Kristina Schmiedlova serves during the Junior event
by Matt Trollope
Saturday 5 July 2014

The final of the girls' singles, an upset-riddled event, will be contested by No.8 seed Kristina Schmiedlova and unseeded Latvian Jelena Ostapenko.

They came through their semi-finals in contrasting circumstances on a grey and sometimes rainy Saturday at the All England Club, with Ostapenko breezing to victory in just 48 minutes over Czech Marketa Vondrousova while Slovakia’s Schmiedlova needed three sets and nearly two hours to subdue Romania’s Elena Gabriela Ruse.

Just two of the tournament's top-eight seeds – one being Schmiedlova – survived to the quarter-finals, and Ostapenko eliminated the highest of them, No.3 Tornado Alicia Black, for the loss of just four games.

Both finalists have links to highly-regarded professional players; Schmiedlova is the younger sister of Anna, a rapidly-rising teen who ousted Venus Williams en route to the third round at Roland Garros, while Ostapenko hails from the same nation as top 10 player Ernests Gulbis, who invited the teen to sit in his entourage for two matches during his run to the semi-finals at Roland Garros.

It will be a repeat of the final at the Wimbledon junior tune-up event in Roehampton, a match won by Ostapenko in straight sets. “I think she’s a really good player. I think if I play my best game, then I have chances to win,” the Latvian said. “I feel really comfortable because the grass is quite a fast surface. So for me it’s good because I think I can serve really well and I play aggressive, it’s my style so maybe it’s a bit easier for me to win here than for the others.”

Indeed, it was this aggression that helped her to overwhelm Vondrousova, a big-hitting Czech lefty but who for the most part could not read the direction or handle the pace of Ostapenko’s ground-strokes. A flurry of winners helped Ostapenko to a quick 3-0 lead, and 10 winners to six helped her to pocket the opening set in just 21 minutes.

Vondrousova certainly made it more competitive in the second stanza, but even when the games were tight, Ostapenko generally came out on top.

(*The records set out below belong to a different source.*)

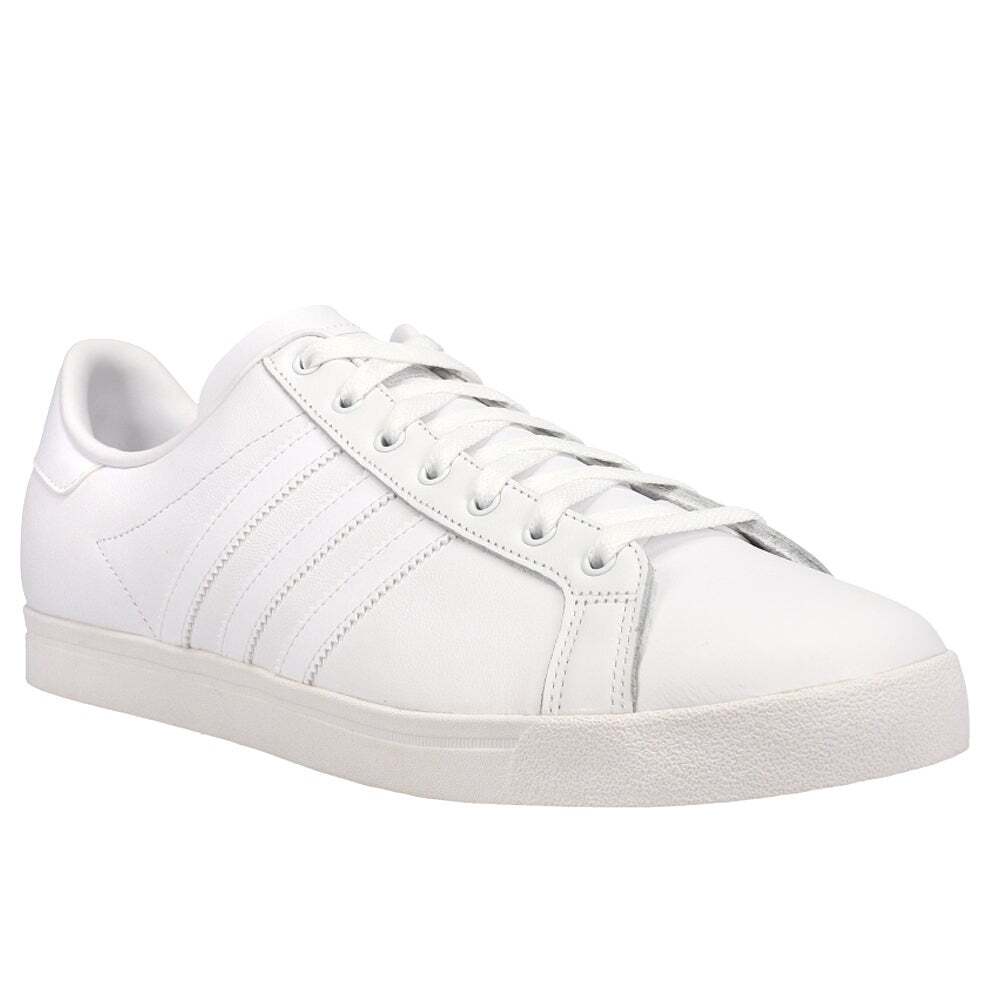 adidas coast star junior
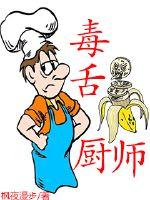 ass极品水嫩小美女ass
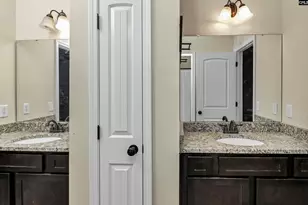 325 English Legend Dr, Irmo, SC 29063 - Photo 26
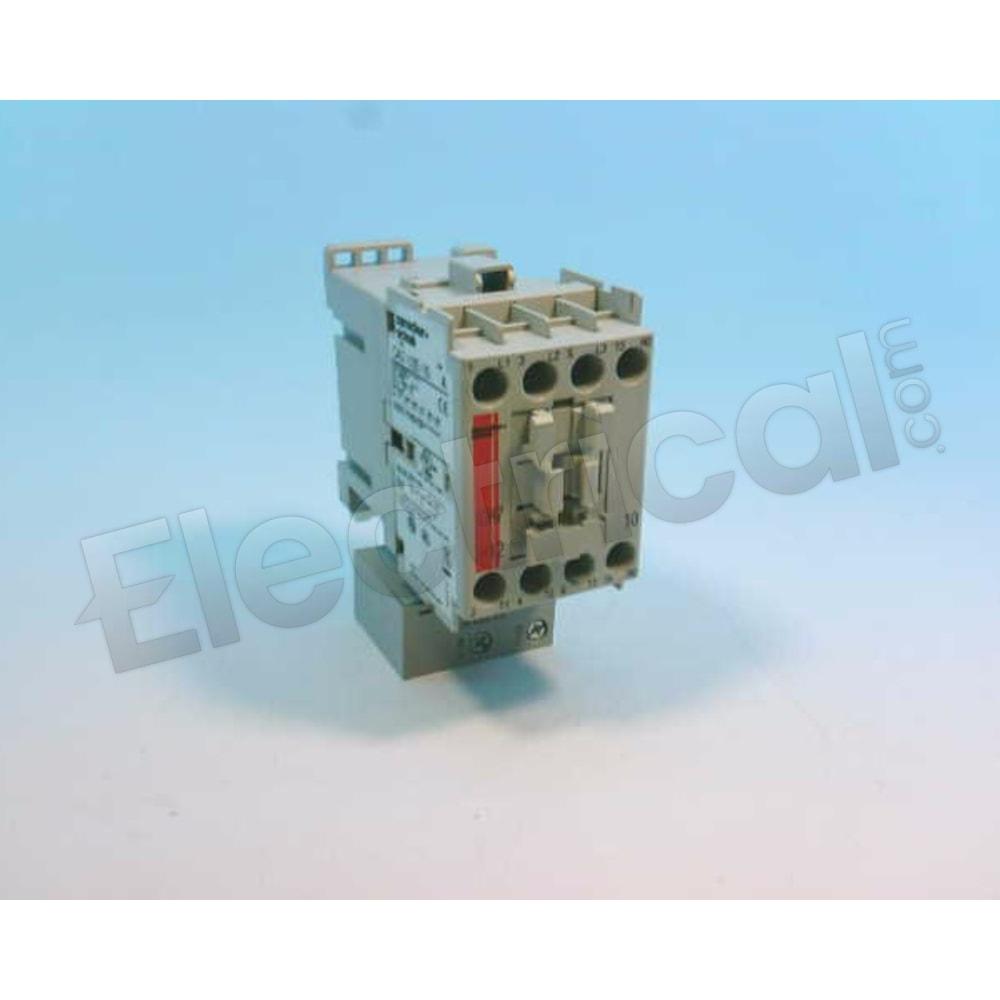 CA7-12E-10-110E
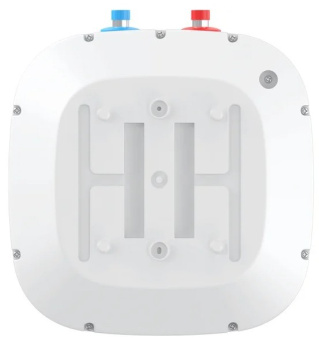 Водонагреватель ROYAL CLIMA DELTA FWH-D15-FEU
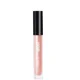 Inglot X Maura Naughty Nudes Lip Gloss - Runway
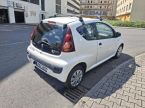 Peugeot 107 - fotka číslo 5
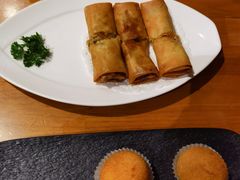 -乐忻皇朝(上海中心大厦店)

She escaped from a tight fourth game to move ahead 4-0, and although she endured a lapse into errors that helped the Czech onto the board and win two games in a row, she recovered.

Not even a rain delay at 5-2 could throw off her momentum; when the players returned to the court, Ostapenko served out a 6-1, 6-2 victory to take her winning streak to 11 matches.

It wasn’t so easy for Schmiedlova, who dropped the first set to the powerful Ruse, a compact yet aggressive player in the mould of Flavia Pennetta.

Schmiedlova managed to break serve to lead 2-0 before the rain fell, and when players returned to the court Ruse could barely find the court, committing several errors and soon finding herself down 1-5. She broke for 2-5 and then after a lengthy injury time-out, she held serve for 3-5 with her left thigh heavily strapped.

Yet Schmiedlova served out the set to send it to a third, and the match then progressed evenly on serve until Ruse threw in a double fault to surrender serve in the seventh game. Schmiedlova held for 5-3 thanks to several winners, and two games later moved ahead 40-0 to secure three match points. The Romanian battled, saving those and another two in an epic game of six deuces. But she erred one time too many; a backhand error sent the Slovak into the final after a 4-6, 6-3, 6-4 victory.

Schmiedlova, who said her serve had been her biggest strength in victory, was hoping to learn from her experience in the Roehampton final. “She played very aggressive so I will have to change something, but I will ask my coach,” she said.

And in the replay on the even grander stage of Wimbledon, both were thrilled to be competing for their first junior Grand Slam singles titles

Said Ostapenko: “Happy that I can play the finals here, and I will try my best.”